Comme collaboratrices en secret, Dieu avait choisi deux femmes:

  • Marie, une jeune fille, vierge, une fidèle et obéissante servante de Dieu, et
  • Elisabeth, avancée en âge, femme du sacrificateur Zacharie, elle et son mari, justes et irréprochables devant Dieu, mais sans enfants, ce qui était un sujet de prière du couple. 
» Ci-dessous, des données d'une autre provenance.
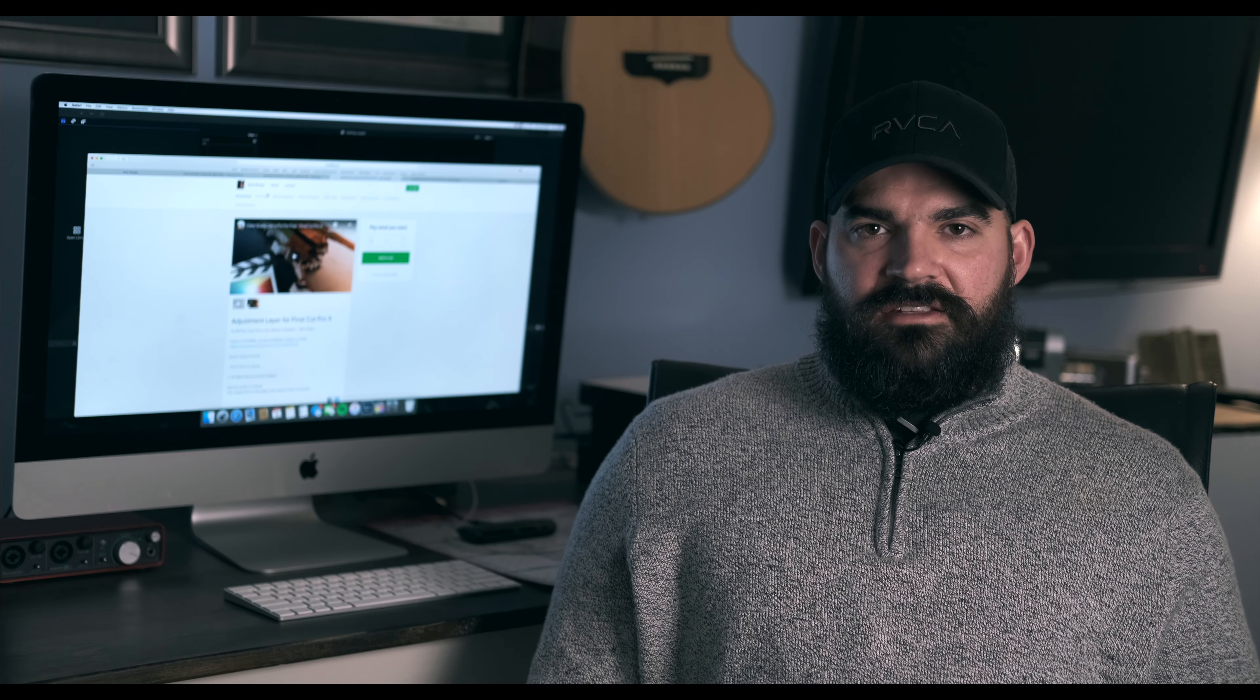There is an actual built-in letterbox within Final Cut Pro which I'm going to show, but these two plugins just allow you to utilize this effect in so many different ways other than what Final Cut Pro has standard on their software. So with that said, let's get into it.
Observons, comment Dieu a initié sa mission secrète: D’abord, il envoie l’archange Gabriel vers Zacharie pour lui annoncer l’exaucement de ses prières, c’est-à-dire, que Elisabeth aura un fils. Il donne une grande prophétie sur Jean-Baptiste, en disant (Luc 1,14-15): « Il sera pour toi un sujet de joie et d’allégresse, et plusieurs se réjouiront de sa naissance. Car il sera grand devant le Seigneur. Il ne boira ni vin, ni liqueur enivrante et il sera rempli du Saint-Esprit dès le sein de sa mère; il ramènera plusieurs des fils d’Israël au Seigneur, leur Dieu; il marchera devant Dieu avec l’esprit et la puissance d’Elie, pour ramener les cœur des pères vers les enfants et les rebelles à la sagesse des justes, afin de préparer au Seigneur un peuple bien disposé. »Quand Zacharie commence à trouver des excuses à cause de son âge et l’âge d’Elisabeth, l’ange lui ferme la bouche pour un temps pour éviter qu’il répande ses pensées de doute. Après son retour à la maison, sa femme Elisabeth tombe enceinte. Elle se cache pendant cinq mois. Elle est contente que Dieu lui ait fait grâce et lui ait ôté la honte parmi les hommes.

Ensuite, Dieu envoie l’archange Gabriel vers Marie et lui annonce qu’elle enfantera un fils et qu’elle doit lui donner le nom de Jésus. L’ange continue avec une prophétie (Luc 1,32): « Il sera grand et sera appelé Fils du Très-Haut, et le Seigneur Dieu lui donnera le trône de David, son père. Il règnera sur la maison de Jacob éternellement, et son règne n’aura point de fin. » Et Marie répond: Je suis la servante du Seigneur; qu’il me soit fait selon ta parole!

Peu après, il y a cette rencontre entre Marie et Elisabeth et Jésus et Jean-Baptiste, les deux encore dans le ventre de leurs mères. Elisabeth prophétise sous la puissance du Saint-Esprit. Par l’Esprit, elle reconnait déjà Jésus comme son Seigneur. Et Marie loue le Seigneur à haute voix et chante un grand cantique.

Quelle rencontre! C’était aussi la première rencontre de Jean-Baptiste et de Jésus qui allaient travailler ensemble trente ans plus tard pour annoncer et répandre la bonne nouvelle du royaume des cieux.

Nous sommes encore dans la mission silencieuse du Saint-Esprit. Jean-Baptiste devient un homme mis à part pour Dieu. Il se prépare par une vie de prière et d’abnégation dans le désert, jusqu’au jour où il annoncera qu’il est venu préparer le chemin du Messie Jésus.

Jésus aussi doit avoir mené une vie de consécration, car après l’âge de 12 ans, quand on le trouve dans le temple au milieu des docteurs de la loi, on entend plus rien de lui, jusqu’au moment où il commence son ministère public à l’âge d’environ 30 ans, après le baptême et un long jeûne dans le désert.

Et voilà, un beau jour, après la préparation du peuple par la forte prédication de repentance de Jean-Baptiste, Jésus-Christ a pu commencer son ministère public dans la grande puissance du Saint-Esprit. Il vient compléter ce que Jean-Baptiste avait commencé, en confirmant que c’est bien lui, le Sauveur, qui avait été annoncé par les prophètes, et qui va donner sa vie pour racheter le peuple de ses péchés.